• _Your instructions_: Here the job is to copy the data exactly and to exclude every image from it.

• _Raw data_:
|---|

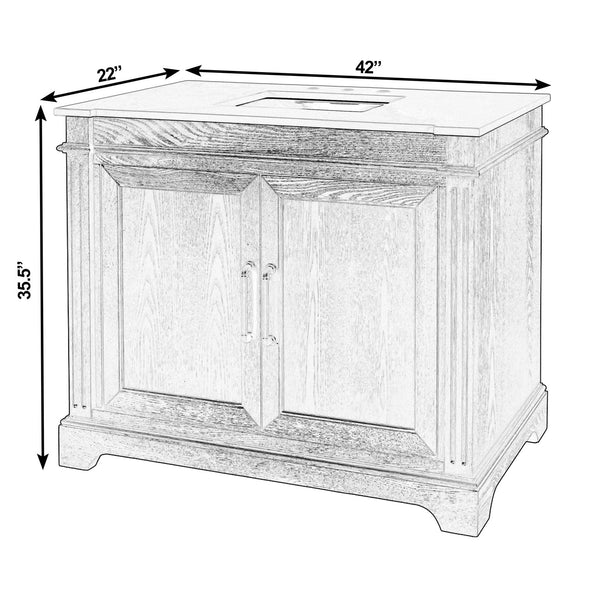 Butler Specialty Butler Maurice 42” Wood & Quartz Bathroom Vanity - Elegant Dark Brown Finish With Practical Storage Dark Brown Mdf,Oak,Quartz,Acacia,Ceramic,Plywood,Composite Wood,Veneer 5994510-butler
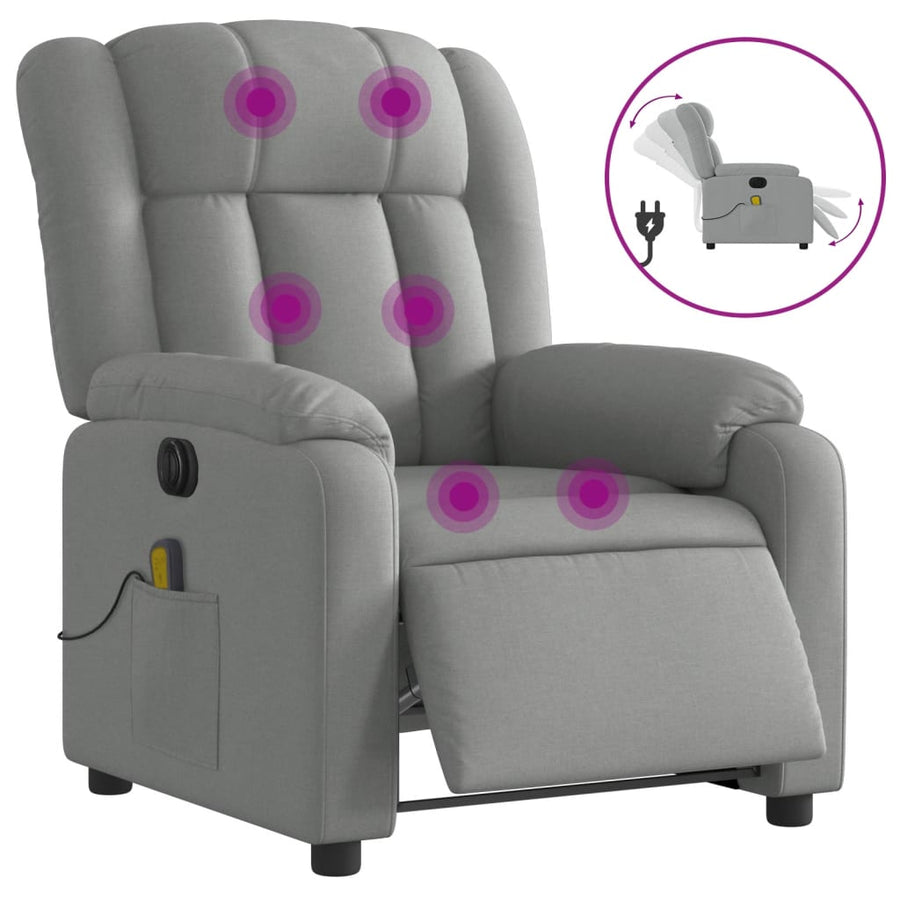 Massagestoel Stof Lichtgrijs Ja Elektrisch verstelbaar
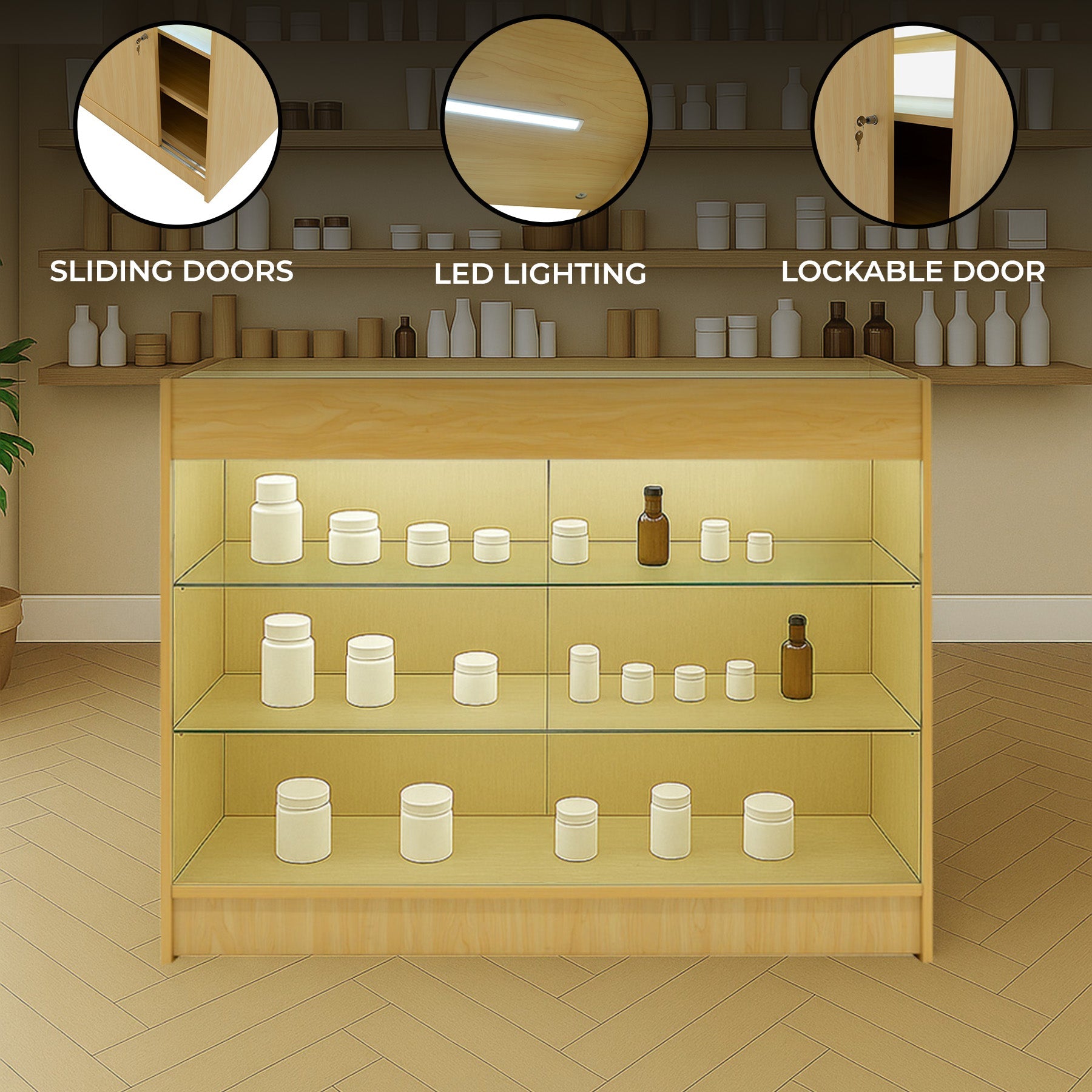 K1200 LED Retail Counter, Maple Finish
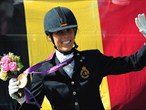 Michele George of Belgium celebrates with her gold medal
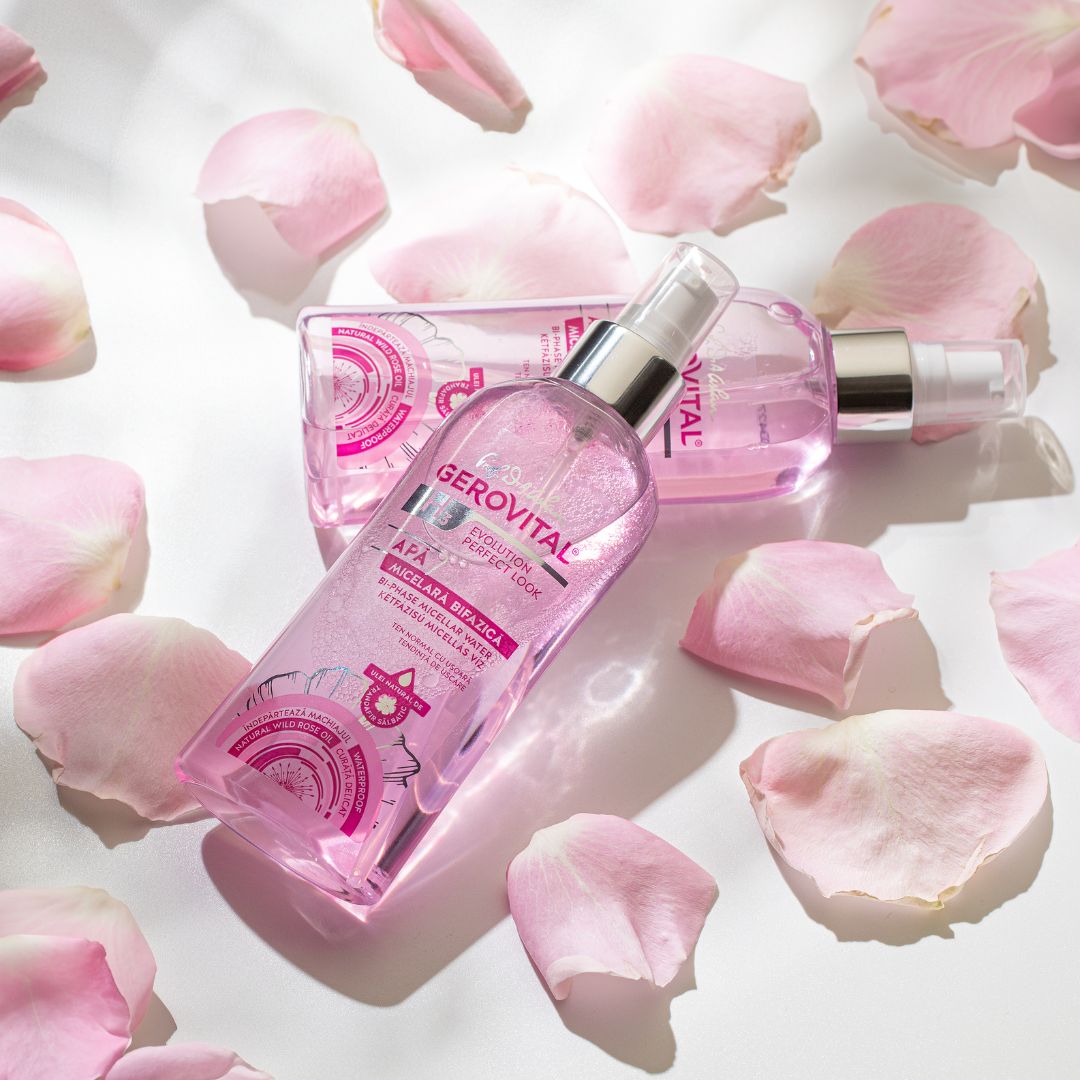 Gerovital – Zweiphasiges Mizellenwasser mit Wildrosenöl, entfernt wasserfestes Make-up, 150 ml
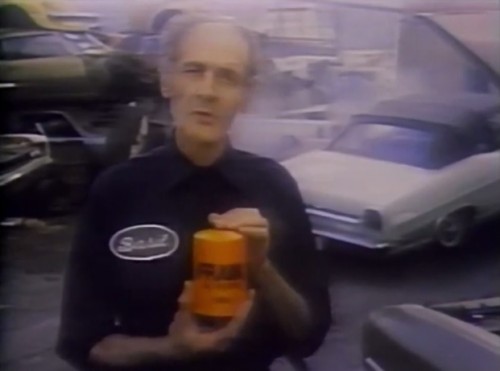 I think Vincent Price turned this one down (Fram commercial, 1977)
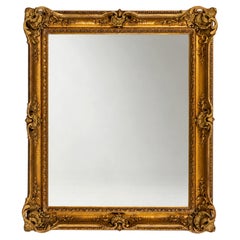 Goldener impressionistischer Spiegel aus Kastanienholz, frühes 20.
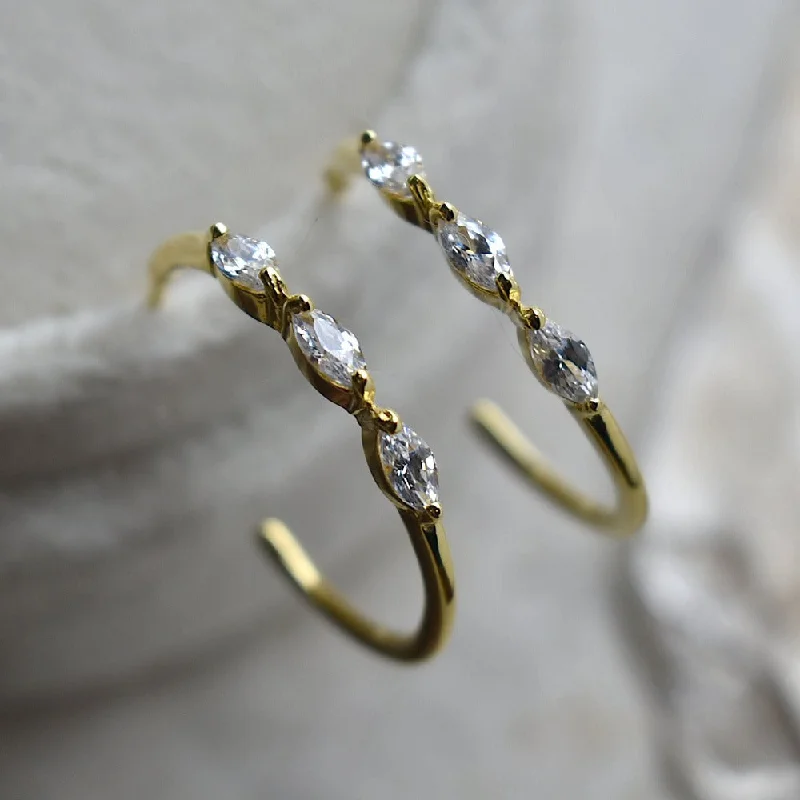 Solid hoop earrings-Hoop Stud with Triple Marquise CZ Accent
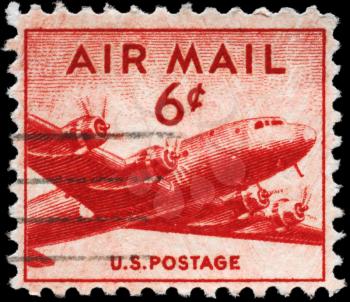 Royalty Free Photo of 1947 US Stamp of the Douglas DC-4 Skymaster
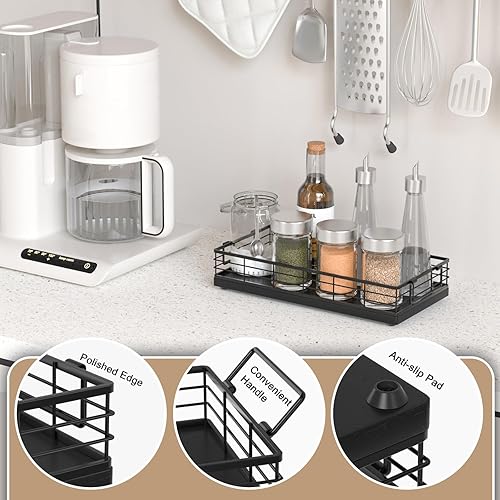 Miniatura 5 de Cesta de papel higiénico, bandeja de tanque de roble y hierro de 13 pulgadas, organizador de artículos de tocador para baño, sala de estar y cocina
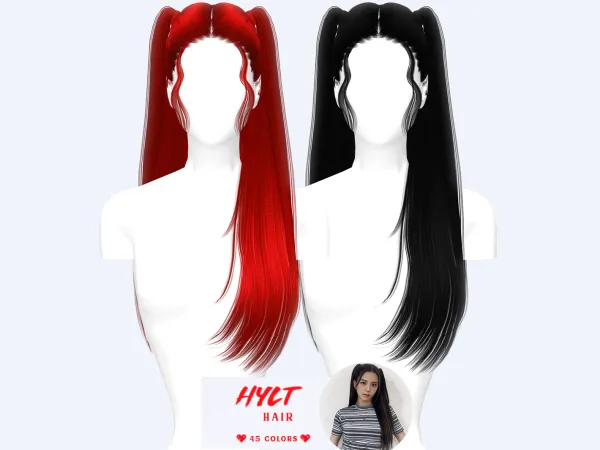 Alpha HYLT Hair by grafity-cc - The Sims 4 Custom Content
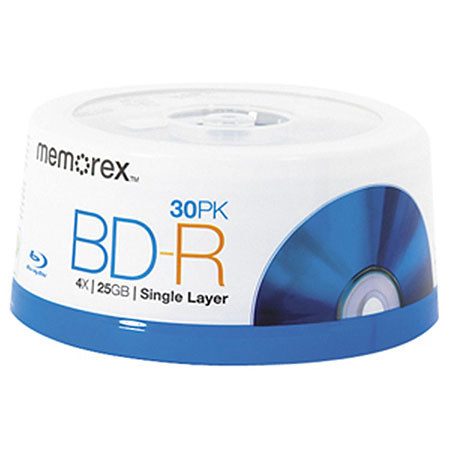 Memorex 25GB Blu-ray Spindle, 30 Pack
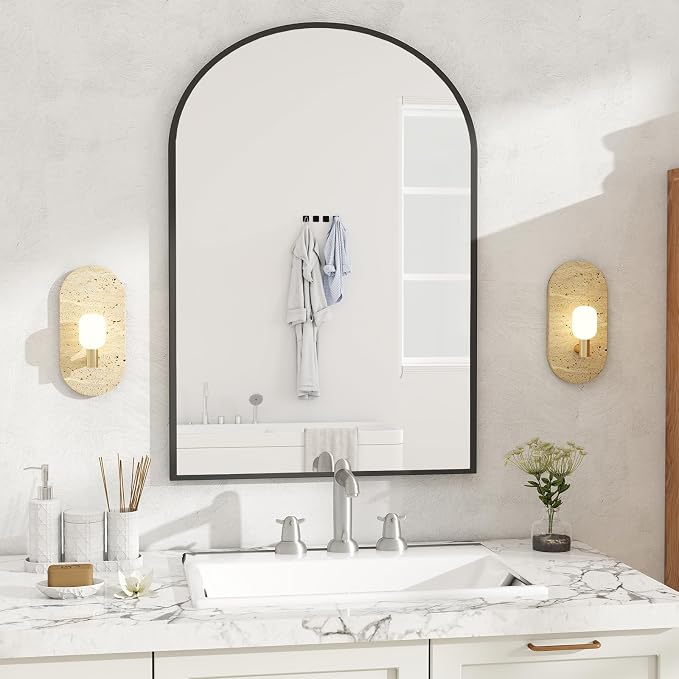 NEWBULIG 20X30 Inch Arched Bathroom Wall Mirror for Over Sink, Black | Wall Vanity Mirror with Tempered Glass, Anti-Rust Arched Metal Framed, Hanging or Leaning, Farmhouse Home Decor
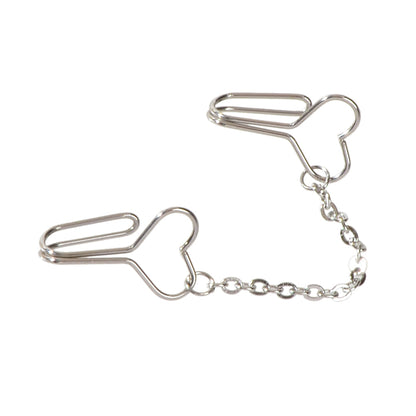 1pc Faux Lip Ear Nose Gold Silver Heart Chain Non Piercing Clip On Nose Ring-3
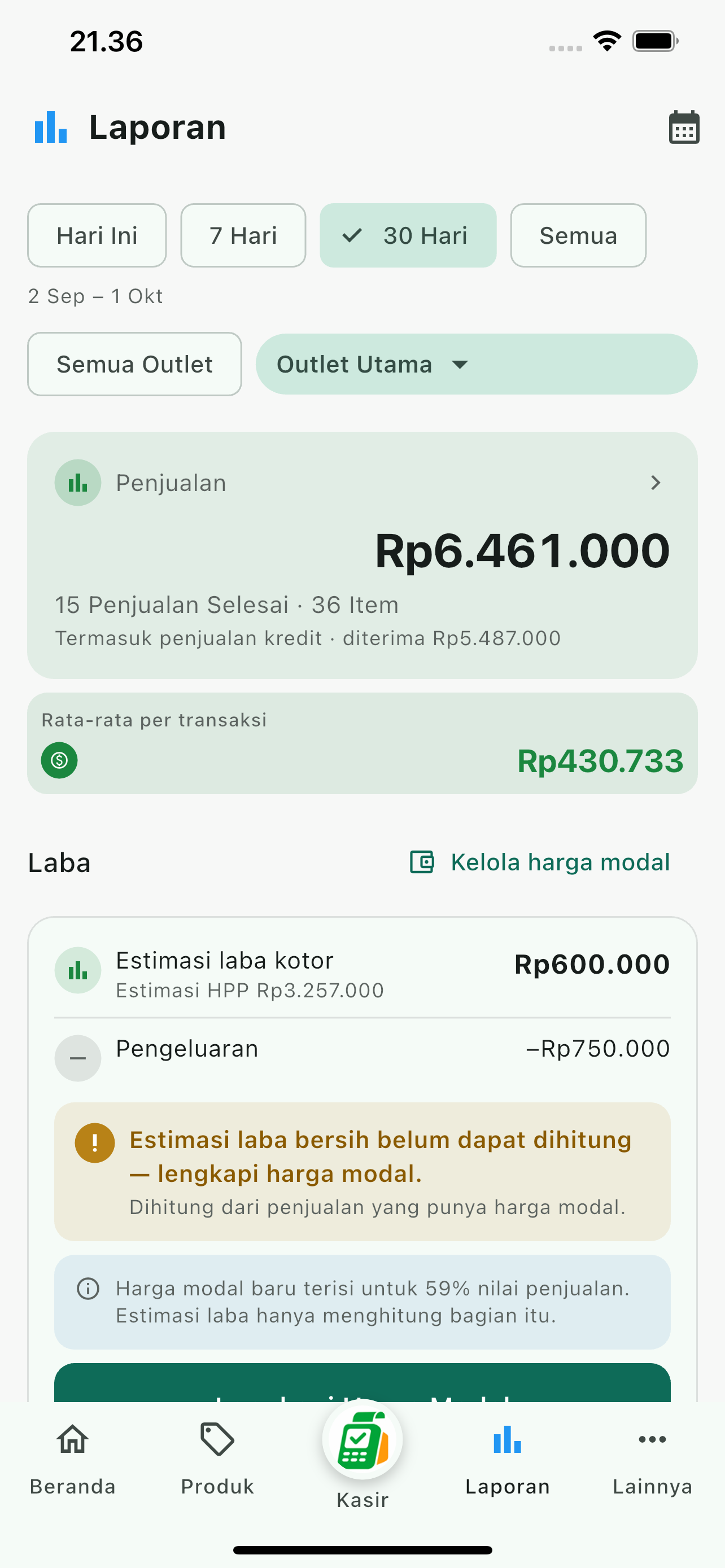 Tampilan laporan YesLaku
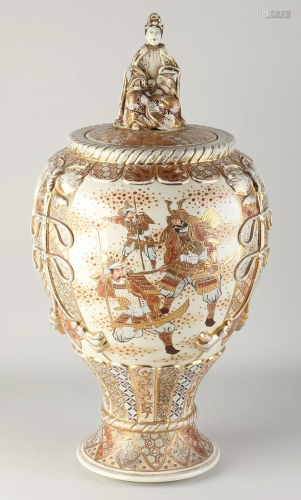 Antique Chinese Satsuma lidded pot, H 58 cm.
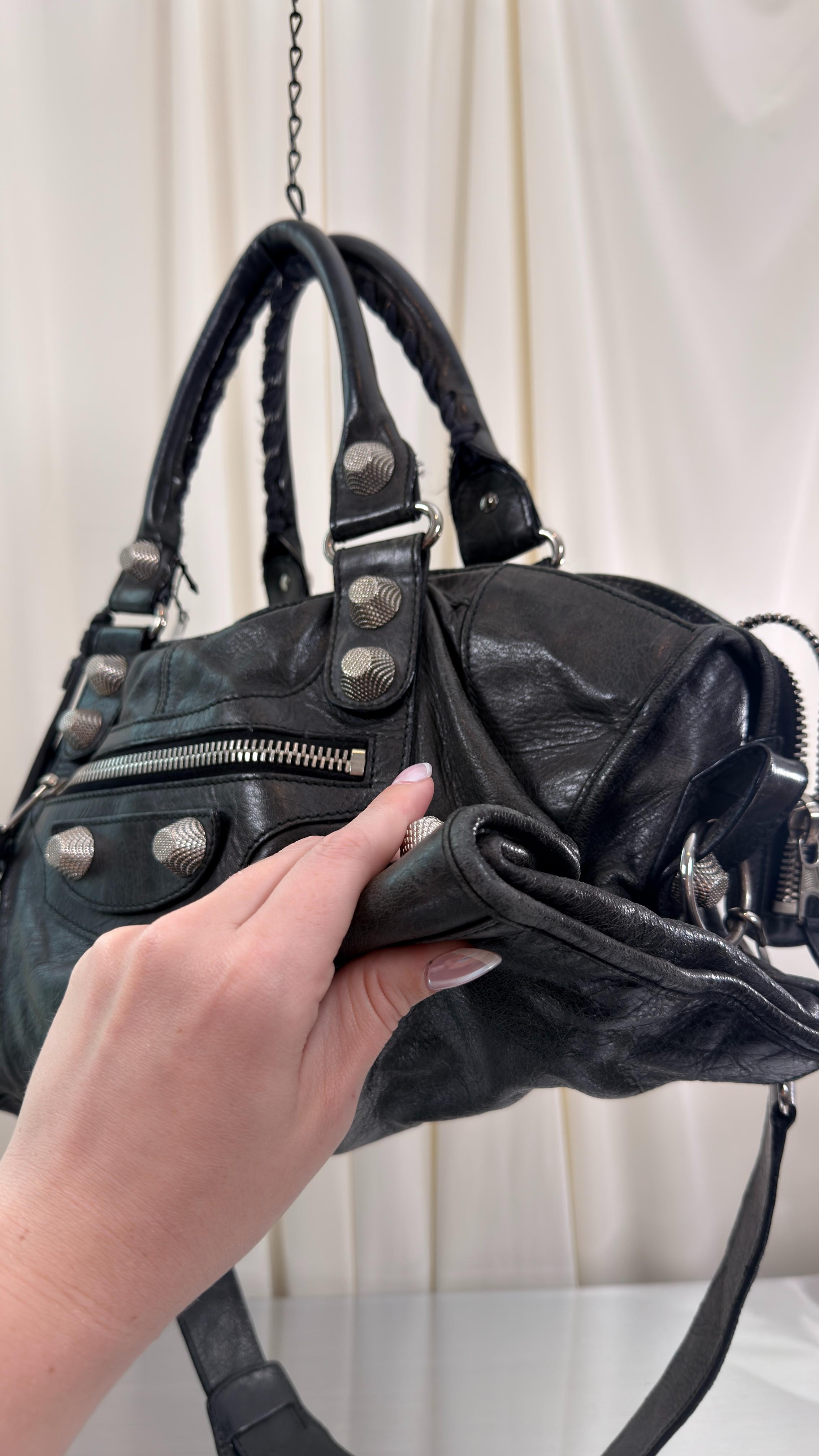 Balenciaga Black W/ Silver Part Time Bag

|---|

• _Response box_:
 Butler Specialty Butler Maurice 42” Wood & Quartz Bathroom Vanity - Elegant Dark Brown Finish With Practical Storage Dark Brown Mdf,Oak,Quartz,Acacia,Ceramic,Plywood,Composite Wood,Veneer 5994510-butler
 Massagestoel Stof Lichtgrijs Ja Elektrisch verstelbaar
 K1200 LED Retail Counter, Maple Finish
 Michele George of Belgium celebrates with her gold medal
 Gerovital – Zweiphasiges Mizellenwasser mit Wildrosenöl, entfernt wasserfestes Make-up, 150 ml
 I think Vincent Price turned this one down (Fram commercial, 1977)
 Goldener impressionistischer Spiegel aus Kastanienholz, frühes 20.
 Solid hoop earrings-Hoop Stud with Triple Marquise CZ Accent
 Royalty Free Photo of 1947 US Stamp of the Douglas DC-4 Skymaster
 Miniatura 5 de Cesta de papel higiénico, bandeja de tanque de roble y hierro de 13 pulgadas, organizador de artículos de tocador para baño, sala de estar y cocina
 Alpha HYLT Hair by grafity-cc - The Sims 4 Custom Content
 Memorex 25GB Blu-ray Spindle, 30 Pack
 NEWBULIG 20X30 Inch Arched Bathroom Wall Mirror for Over Sink, Black | Wall Vanity Mirror with Tempered Glass, Anti-Rust Arched Metal Framed, Hanging or Leaning, Farmhouse Home Decor
 1pc Faux Lip Ear Nose Gold Silver Heart Chain Non Piercing Clip On Nose Ring-3
 Tampilan laporan YesLaku
 Antique Chinese Satsuma lidded pot, H 58 cm.
 Balenciaga Black W/ Silver Part Time Bag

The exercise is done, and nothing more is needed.